Yep, noticed that Comcast/Xfinity wasn't available any more last night.

Scott


----------



## Gary Jackson (Mar 18, 2020)

Noticed the same thing, Cox not listed as a provider.


----------



## koberlin1 (Aug 11, 2011)

So can we no longer access HBOGO on Tivo? I tried tonight and it said I needed to reauthorize it at the HBOGO website but COX is not longer listed there (nor is Spectrum, Comcast, ATT). I assume this is because they retired it for HBOMAX. I do have access to HBOMAX via COX and ATT which work on my Roku and AppleTV's. But no HBOMAX app on Tivo?


----------



## My Cape is a Recliner (Oct 5, 2019)

The HBO GO app will be removed from primary platforms in the U.S. by July 31, 2020. If your provider does not carry HBO Max, you can access HBO GO via HBOGO.com through August 31, 2020.
About - FAQs

HBO News - How to Watch HBO Max
*How to Watch HBO Max*
All of HBO is also available to stream via HBO Max. Here's what you need to know about the new platform.
HBO Max. HBO NOW. HBO GO. You have questions: Are they all the same? What happened to HBO GO? We have answers. Read on to find out more.
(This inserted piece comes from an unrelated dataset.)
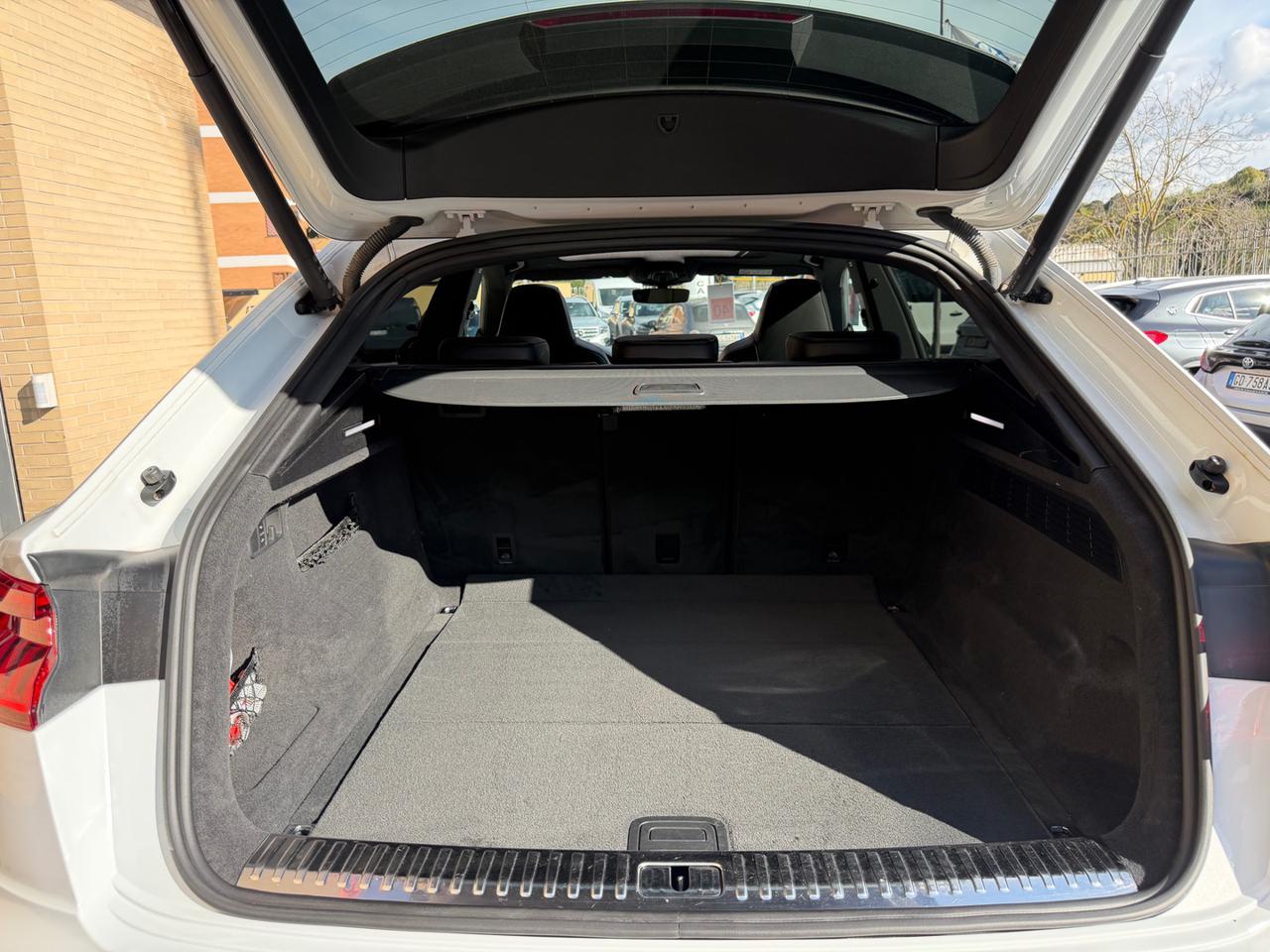 AUDI Q8 50 TDI 286 CV quattro tiptronic S-LINE - 8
*HBO Max *is a platform offered by WarnerMedia that features 10,000 hours of premium content bundling all of HBO together with even more movies, shows and Max Originals for the whole family, including _Friends_, _South Park, The Big Bang Theory, Wonder Woman_, the Studio Ghibli collection, and much more. HBO Max is available through many TV and internet providers. For a list of supported providers, go here.

The *HBO NOW app, *the standalone streaming service, has been rebranded to the *HBO app*. Existing HBO NOW subscribers still have access to HBO through the rebranded HBO app on supported devices and through play.hbonow.com. Most HBO NOW subscribers currently have access to HBO Max as well. For more information, go here.

*HBO GO* was a streaming service offered by HBO that was included for free with your HBO subscription through a TV provider; the HBO GO app was removed from primary platforms in the U.S. on July 31. You can still stream all of HBO on your computer at HBOGO.com until August 31, 2020, on your TV using your TV provider app (if available), and* on a TiVo device using the HBO app for a limited time*. Your HBO subscription may also already include access to HBO Max (at no extra cost). To find out if your provider supports HBO Max and other info, go here.

I had the same problem with Spectrum, and it not being able to get the app. I had to reauthorize HBO max, and that worked. HBO max is supposed to have all of HBO's programming, and its all on demand.

Tivo says if you don't get HBO max its because of the cable provider. Spectrum says they offer HBO MAX. We should be getting this as an option on Tivo. Tivo last updated there HBO information as of July 14th. Tivo may not be aware of the change to HBO go, and hopefully they can change this app to HBO max. (EDIT: ITs in the other thread, that they tivo is working on it) I was trying to send them an email to find out if they can change the app option, but I don't see any contact info, only for an agent. I know we have some TIVO reps on here. Would love a response. I will contact them as soon as I see an agent is available, (and update with the response I get).


----------



## koberlin1 (Aug 11, 2011)

Thanks, I think that answered my question, that we can no longer access HBOGO on Tivo and that they don't have HBOMax as an app option yet. Bummer! C'mon Tivo!


----------



## ManeJon (Apr 14, 2018)

May not be only TIVO issue - HBO has to create the MAX app to work with TIVO


----------



## JammasterC (Aug 9, 2005)

Got an email today, As of August 31 2020, the HBO app will no longer be available on TiVo DVRs.


----------



## Mukwonago (Dec 1, 2019)

Got it too. I don't use the Tivo Apps, I use a ROKU for that stuff, the search across all ROKU 'Channels' / APPS is awesome so I would lose that functionality if I tried to use the Tivo versions.


----------